Former NHL coach Don Cherry was fired from his longtime job as a hockey commentator for Sportsnet on Monday, following comments he made on air over the weekend related to immigrants and Remembrance Day.
Cherry, 85, suggested that immigrants weren’t properly respecting Canada’s veterans, as he saw very few people wearing the traditional poppy pins for the holiday, which is held on the same day as Veterans Day in the United States.
Cherry Says ‘You People’ Don’t Wear Poppy
On a Saturday broadcast, Cherry said that he was disappointed in the lack of poppies he sees in the Toronto area.
“I live in Mississauga [a Toronto suburb]. Very few people wear the poppy. Downtown Toronto, forget it. Nobody wears the poppy,” Cherry said. “You people…that come here, whatever it is – you love our way of life. You love our milk and honey. At least you can pay a couple bucks for a poppy or something like that. These guys paid for your way of life that you enjoy in Canada.”
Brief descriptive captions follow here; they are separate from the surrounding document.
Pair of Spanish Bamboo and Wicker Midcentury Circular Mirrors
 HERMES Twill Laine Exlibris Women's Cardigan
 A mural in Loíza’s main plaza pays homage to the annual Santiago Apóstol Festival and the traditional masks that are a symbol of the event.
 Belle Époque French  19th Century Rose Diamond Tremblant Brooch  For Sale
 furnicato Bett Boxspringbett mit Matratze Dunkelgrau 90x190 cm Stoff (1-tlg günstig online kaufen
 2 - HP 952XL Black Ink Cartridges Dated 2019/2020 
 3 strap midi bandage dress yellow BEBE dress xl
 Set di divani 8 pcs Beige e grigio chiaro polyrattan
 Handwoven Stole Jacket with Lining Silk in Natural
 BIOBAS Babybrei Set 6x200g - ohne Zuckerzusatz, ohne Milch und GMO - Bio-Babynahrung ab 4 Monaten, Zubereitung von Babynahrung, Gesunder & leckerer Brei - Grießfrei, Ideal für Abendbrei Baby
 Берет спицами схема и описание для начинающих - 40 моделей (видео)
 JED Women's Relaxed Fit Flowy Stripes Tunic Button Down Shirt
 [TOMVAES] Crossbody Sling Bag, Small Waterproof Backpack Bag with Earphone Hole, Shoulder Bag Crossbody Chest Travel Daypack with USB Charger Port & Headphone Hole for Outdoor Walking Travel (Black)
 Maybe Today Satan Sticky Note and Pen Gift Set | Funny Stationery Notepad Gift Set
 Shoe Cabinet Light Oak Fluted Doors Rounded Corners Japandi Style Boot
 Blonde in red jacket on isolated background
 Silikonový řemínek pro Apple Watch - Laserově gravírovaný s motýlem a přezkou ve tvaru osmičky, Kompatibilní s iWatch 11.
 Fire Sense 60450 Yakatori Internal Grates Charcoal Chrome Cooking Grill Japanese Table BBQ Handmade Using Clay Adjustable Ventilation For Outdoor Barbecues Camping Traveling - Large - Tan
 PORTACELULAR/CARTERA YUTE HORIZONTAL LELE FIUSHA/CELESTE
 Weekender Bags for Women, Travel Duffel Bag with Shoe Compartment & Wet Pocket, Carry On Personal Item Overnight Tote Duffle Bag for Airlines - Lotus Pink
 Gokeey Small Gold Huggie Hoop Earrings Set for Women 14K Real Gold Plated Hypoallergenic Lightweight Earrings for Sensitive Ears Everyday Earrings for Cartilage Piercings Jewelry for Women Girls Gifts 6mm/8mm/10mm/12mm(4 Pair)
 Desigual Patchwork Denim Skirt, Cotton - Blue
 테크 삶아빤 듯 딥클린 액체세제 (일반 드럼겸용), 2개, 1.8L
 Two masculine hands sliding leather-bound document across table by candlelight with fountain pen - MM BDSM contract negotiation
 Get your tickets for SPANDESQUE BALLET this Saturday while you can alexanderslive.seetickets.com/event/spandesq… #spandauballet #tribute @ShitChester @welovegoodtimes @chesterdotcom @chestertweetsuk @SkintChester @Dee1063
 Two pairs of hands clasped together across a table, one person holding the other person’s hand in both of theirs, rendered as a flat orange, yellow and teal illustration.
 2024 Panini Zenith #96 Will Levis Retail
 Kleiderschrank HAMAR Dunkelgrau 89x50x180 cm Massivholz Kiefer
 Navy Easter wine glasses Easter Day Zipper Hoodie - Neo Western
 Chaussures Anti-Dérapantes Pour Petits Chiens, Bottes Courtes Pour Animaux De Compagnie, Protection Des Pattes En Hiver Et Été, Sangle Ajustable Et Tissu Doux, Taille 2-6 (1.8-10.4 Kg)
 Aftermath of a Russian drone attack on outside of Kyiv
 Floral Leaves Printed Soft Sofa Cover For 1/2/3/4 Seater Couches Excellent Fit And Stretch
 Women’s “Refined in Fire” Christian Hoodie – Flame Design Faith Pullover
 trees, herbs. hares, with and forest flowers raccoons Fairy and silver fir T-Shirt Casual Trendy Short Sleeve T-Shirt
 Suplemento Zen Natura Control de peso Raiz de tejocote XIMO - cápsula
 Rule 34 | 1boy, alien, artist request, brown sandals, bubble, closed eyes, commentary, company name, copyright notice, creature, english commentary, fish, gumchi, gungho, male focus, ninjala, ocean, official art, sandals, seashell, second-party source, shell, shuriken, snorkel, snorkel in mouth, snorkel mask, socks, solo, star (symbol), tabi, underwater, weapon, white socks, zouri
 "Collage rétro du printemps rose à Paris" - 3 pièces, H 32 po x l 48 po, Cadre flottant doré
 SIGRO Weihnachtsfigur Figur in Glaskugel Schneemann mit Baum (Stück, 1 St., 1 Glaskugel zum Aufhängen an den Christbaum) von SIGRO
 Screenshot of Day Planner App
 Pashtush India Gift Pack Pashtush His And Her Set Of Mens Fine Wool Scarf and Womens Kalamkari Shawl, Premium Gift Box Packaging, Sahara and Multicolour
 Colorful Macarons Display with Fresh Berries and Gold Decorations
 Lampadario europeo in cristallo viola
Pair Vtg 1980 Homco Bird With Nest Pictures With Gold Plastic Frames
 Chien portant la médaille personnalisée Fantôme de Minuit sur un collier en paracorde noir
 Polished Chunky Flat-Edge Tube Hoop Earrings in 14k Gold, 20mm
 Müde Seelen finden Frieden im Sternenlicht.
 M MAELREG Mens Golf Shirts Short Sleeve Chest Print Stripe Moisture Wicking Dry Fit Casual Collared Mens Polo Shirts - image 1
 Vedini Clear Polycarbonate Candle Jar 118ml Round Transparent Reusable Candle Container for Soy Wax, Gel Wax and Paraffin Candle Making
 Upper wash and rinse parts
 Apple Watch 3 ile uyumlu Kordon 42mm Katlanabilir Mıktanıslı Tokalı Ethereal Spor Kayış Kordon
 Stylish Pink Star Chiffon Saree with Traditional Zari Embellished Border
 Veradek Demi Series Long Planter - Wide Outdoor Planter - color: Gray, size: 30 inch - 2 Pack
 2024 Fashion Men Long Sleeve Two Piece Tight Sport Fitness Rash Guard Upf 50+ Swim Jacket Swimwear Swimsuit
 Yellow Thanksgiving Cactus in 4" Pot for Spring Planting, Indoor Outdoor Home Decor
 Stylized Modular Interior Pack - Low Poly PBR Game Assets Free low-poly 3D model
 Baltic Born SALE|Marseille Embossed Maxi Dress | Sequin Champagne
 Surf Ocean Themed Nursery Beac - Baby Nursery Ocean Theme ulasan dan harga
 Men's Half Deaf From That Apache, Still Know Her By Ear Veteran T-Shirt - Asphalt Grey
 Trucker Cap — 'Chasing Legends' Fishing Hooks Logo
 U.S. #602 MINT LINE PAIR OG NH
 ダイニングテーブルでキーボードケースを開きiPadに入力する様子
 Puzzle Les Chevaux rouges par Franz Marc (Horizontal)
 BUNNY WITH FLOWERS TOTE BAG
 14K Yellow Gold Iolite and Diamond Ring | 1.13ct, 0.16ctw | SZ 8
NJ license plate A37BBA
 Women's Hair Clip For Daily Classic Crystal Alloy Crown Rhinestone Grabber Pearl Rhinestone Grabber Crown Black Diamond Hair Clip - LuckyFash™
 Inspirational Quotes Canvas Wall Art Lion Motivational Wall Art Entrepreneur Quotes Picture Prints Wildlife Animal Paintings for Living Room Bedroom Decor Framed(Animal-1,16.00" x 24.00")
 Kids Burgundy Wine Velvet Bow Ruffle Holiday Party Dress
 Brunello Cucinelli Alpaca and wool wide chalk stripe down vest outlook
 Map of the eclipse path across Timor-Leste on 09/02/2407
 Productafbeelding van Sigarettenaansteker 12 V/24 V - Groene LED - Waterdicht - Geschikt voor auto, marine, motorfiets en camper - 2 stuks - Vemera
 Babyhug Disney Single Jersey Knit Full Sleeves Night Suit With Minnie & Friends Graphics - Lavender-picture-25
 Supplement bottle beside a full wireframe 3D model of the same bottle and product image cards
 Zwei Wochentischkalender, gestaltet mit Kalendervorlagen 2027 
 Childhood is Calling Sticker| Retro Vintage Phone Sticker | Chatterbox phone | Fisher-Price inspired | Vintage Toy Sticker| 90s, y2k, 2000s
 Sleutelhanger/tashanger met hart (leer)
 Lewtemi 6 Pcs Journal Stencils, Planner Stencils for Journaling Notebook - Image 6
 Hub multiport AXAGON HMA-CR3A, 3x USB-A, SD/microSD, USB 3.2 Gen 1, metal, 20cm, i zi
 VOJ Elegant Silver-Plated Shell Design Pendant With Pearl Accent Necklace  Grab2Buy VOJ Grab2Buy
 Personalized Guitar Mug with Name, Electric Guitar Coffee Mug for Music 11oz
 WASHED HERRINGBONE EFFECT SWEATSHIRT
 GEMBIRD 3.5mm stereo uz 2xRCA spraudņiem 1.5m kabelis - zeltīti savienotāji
Cherry is no stranger to controversial comments. He has long been derisive of European hockey players, has promoted fighting as an important part of hockey – even with the increased awareness of the severity of head injuries in recent years – and has expressed a wide range of conservative political viewpoints, including support for Toronto mayor Rob Ford, and a disbelief in global warning.
While he had survived every wave of controversy before, it quickly became apparent that Saturday’s comments crossed a line that Sportsnet wasn’t willing to tolerate.
“Sports brings people together. It unites us, not divides us,” Sportsnet president Bart Yabsley said in a statement released Monday. “Following further discussions with Don Cherry after Saturday night’s broadcast, it has been decided it is the right thing for him to immediately step down. During the broadcast, he made divisive remarks that do not represent our values or what we stand for.”
Cherry appeared on various Canadian media outlets to defend himself on Monday and Tuesday, often suggesting that his comments were aimed at everyone, not just immigrants.
“If you listen to it closely, I said everybody should be, and everyone should wear a poppy in honor of our soldiers,” Cherry said on Sirius XM Radio Canada on Tuesday. “If that offends people, that’s too bad.”
An Iconic Figure in Canada, Hockey World
Cherry has been one of the most influential figures in Canadian and hockey broadcasting, becoming a well-known figure in the United States as well. He coached in the NHL from 1974 through 1980, with his first five seasons coming with the Boston Bruins, a team he led to the Stanley Cup Finals twice – losing both times.
After failing to get the Colorado Rockies into the playoffs in 1980, Cherry was hired as an analyst for the CBC’s playoff coverage. He was then brought on as a color commentator for the 1981 season, but his outlandish style made him unsuited for that role. Instead, the “Coach’s Corner” segment was created especially for him during the first intermission. The segment remained a mainstay of Canadian hockey coverage until his firing this week.
“Don is synonymous with hockey, and has played an integral role in growing the game over the past 40 years,” Yabsley said in his statement. “We would like to thank Don for his contributions to hockey and sports broadcasting in Canada.”